II. THE ALLEGATIONS OF THE PETITION
Petitioner states a single ground for relief: that trial counsel Christopher Hayden-Meyer rendered ineffective assistance of counsel, in violation of the Sixth Amendment, in relation to petitioner's guilty plea. Specifically, petitioner alleges that counsel failed to advise him that he faced the predicament in which he now finds himself: adjudicated removable as the result of his plea. In the first of two declarations attached to the Amended Petition to Vacate Judgment, petitioner states as follows:
I was represented by attorney Christopher Haydn-Meyer of Roseville. I entered a negotiated guilty plea on December 9, 2010. During the guilty plea, Mr. Haydn-Meyer stated in open court that any attempt for citizenship would be denied, and that I would be deported. It was stipulated during the guilty plea that the loss amount was over $13, 000. I knew that this number was not correct, however, I had no reason to argue about it because I did not know that the loss amount made any difference in the immigration consequences.
Based on prior discussions with Mr. Haydn-Meyer, I did not expect to be deported despite what was said in open court. I believed that my political asylum status would prevent deportation or removal. I did not expect to be deported. Since my father was killed for political reasons in Burundi, and I was almost killed there in 1995, I did not believe that the United States government would return me to Burundi.

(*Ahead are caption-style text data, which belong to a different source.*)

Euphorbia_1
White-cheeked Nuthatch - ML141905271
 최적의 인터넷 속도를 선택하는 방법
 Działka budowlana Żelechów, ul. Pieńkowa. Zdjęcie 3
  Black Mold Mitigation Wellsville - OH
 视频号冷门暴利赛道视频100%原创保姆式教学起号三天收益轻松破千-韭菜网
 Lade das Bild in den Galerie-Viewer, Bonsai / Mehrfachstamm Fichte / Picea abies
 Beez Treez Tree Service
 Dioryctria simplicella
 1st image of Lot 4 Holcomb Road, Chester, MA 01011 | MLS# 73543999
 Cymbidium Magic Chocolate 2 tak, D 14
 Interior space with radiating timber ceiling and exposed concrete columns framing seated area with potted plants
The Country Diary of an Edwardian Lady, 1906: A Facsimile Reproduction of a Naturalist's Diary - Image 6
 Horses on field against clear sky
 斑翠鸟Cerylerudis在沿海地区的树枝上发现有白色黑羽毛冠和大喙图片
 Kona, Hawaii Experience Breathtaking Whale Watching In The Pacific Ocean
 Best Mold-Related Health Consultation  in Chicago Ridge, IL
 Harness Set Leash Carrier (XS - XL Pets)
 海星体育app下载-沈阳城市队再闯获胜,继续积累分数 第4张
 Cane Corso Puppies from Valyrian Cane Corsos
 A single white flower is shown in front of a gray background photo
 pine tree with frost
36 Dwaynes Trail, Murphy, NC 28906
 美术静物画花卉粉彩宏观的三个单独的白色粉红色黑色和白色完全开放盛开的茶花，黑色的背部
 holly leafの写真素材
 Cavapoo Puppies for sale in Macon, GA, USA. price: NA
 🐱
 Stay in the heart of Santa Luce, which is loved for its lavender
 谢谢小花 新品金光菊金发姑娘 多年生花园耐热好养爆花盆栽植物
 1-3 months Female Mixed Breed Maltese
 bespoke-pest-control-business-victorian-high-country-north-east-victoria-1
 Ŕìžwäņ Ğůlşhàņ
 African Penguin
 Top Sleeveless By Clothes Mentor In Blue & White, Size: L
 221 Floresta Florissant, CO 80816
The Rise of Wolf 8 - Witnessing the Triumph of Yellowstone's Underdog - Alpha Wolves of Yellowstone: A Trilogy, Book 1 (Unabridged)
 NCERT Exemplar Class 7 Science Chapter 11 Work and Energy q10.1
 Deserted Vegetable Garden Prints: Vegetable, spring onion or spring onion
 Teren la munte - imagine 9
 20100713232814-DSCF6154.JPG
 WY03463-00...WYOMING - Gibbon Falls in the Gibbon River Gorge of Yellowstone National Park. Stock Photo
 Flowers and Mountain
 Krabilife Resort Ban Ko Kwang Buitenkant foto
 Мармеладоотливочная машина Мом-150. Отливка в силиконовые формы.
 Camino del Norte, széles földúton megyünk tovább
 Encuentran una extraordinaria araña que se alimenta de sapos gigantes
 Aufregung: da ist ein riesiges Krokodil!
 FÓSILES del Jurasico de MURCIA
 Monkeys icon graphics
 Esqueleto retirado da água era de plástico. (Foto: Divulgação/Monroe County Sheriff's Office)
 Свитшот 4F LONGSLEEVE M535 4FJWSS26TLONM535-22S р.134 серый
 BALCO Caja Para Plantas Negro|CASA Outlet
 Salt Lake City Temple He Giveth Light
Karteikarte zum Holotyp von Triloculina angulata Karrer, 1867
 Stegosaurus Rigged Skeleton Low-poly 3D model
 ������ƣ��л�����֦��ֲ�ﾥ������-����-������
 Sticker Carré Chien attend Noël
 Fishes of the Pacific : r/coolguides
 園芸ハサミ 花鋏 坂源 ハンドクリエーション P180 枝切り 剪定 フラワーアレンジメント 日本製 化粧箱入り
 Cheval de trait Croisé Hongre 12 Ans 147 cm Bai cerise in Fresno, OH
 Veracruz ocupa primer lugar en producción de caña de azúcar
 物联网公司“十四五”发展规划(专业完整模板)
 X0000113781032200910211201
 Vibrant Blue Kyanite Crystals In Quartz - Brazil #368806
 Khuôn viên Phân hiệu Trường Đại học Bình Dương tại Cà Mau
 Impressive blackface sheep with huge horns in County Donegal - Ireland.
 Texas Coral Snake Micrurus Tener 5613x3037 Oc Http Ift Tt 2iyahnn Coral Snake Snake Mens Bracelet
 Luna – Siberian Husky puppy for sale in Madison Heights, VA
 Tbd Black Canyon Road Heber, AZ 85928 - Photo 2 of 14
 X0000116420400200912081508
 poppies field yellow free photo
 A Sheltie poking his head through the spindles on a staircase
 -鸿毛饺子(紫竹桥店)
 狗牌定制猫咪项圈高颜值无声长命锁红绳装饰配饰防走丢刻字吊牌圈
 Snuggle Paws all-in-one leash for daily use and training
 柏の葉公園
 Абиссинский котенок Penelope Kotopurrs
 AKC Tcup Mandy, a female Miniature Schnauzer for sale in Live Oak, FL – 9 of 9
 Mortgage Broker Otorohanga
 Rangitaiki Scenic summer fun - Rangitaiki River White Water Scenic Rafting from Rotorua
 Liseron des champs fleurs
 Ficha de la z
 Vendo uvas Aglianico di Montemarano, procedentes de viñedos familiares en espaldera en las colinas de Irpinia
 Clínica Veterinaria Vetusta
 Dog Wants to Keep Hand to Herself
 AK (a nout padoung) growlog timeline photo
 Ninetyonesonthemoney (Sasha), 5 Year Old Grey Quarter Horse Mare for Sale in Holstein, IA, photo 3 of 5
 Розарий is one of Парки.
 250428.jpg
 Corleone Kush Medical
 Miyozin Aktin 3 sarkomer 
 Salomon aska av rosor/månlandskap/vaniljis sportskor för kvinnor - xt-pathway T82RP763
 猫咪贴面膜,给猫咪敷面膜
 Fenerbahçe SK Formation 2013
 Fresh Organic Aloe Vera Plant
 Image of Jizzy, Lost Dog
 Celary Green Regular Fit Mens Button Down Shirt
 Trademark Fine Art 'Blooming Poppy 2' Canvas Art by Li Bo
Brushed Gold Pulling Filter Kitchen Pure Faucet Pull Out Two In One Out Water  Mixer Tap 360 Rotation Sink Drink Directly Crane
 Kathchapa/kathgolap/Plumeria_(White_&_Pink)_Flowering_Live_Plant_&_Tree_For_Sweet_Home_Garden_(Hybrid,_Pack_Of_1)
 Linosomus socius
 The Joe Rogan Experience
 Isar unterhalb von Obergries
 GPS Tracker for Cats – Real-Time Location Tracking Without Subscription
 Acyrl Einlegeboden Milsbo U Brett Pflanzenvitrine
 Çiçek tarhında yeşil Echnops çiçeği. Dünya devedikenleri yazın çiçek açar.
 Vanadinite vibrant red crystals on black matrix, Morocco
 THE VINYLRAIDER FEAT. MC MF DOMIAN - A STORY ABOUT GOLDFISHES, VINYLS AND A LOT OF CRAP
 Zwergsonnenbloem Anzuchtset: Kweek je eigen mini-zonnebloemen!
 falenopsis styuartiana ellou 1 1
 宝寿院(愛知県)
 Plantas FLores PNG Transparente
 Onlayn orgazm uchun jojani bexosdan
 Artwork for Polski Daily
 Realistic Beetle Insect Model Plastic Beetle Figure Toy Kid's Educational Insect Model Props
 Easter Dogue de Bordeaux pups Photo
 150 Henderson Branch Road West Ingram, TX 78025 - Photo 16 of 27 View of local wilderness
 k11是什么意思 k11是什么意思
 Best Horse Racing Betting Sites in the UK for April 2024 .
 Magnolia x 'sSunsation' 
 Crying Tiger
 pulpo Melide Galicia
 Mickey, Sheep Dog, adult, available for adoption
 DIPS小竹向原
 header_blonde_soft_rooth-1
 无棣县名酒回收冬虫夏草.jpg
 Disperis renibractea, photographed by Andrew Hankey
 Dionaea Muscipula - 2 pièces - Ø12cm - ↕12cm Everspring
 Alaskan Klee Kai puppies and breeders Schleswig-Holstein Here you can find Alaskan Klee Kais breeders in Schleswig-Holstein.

Deportation would mean a death sentence for me. I would not have pled guilty if I thought that there was any chance of deportation.
At the time of the guilty plea it was not explained to me that the consequences of conviction would be much less if the loss amount were stipulated at less than $10, 000. Had I insisted on going to trial, I am confident that the loss amount would have been less than $10, 000, and probably less than $2, 000, because of my lack of knowledge and intent and lack of involvement in the United Airlines transactions.
ECF No. 140-1 at 1, 2.
In his supplemental declaration, petitioner provides additional facts:
I was transported in custody for an appearance before Judge Shubb on December 9, 2010. As I was waiting in the holding cell, Mr. Haydn-Meyer came to visit me. He advised me of the plea offer of guilty to count one, with count two dismissed.
The case was called at 11:00 a.m. The attorneys said that there was a plea agreement. The judge instructed them to prepare the agreement in writing, and return at 2:00 p.m.
Mr. Haydn-Meyer spoke to me again at about 1:40 p.m. At that time we discussed the immigration consequences. I stated that I could not face deportation to Burundi because it would be a death sentence. He assured me that defendants with political asylum status would never be deported. He showed me the portion of the written plea agreement that indicated that there could be immigration consequences, but he said I was protected by my political asylum status.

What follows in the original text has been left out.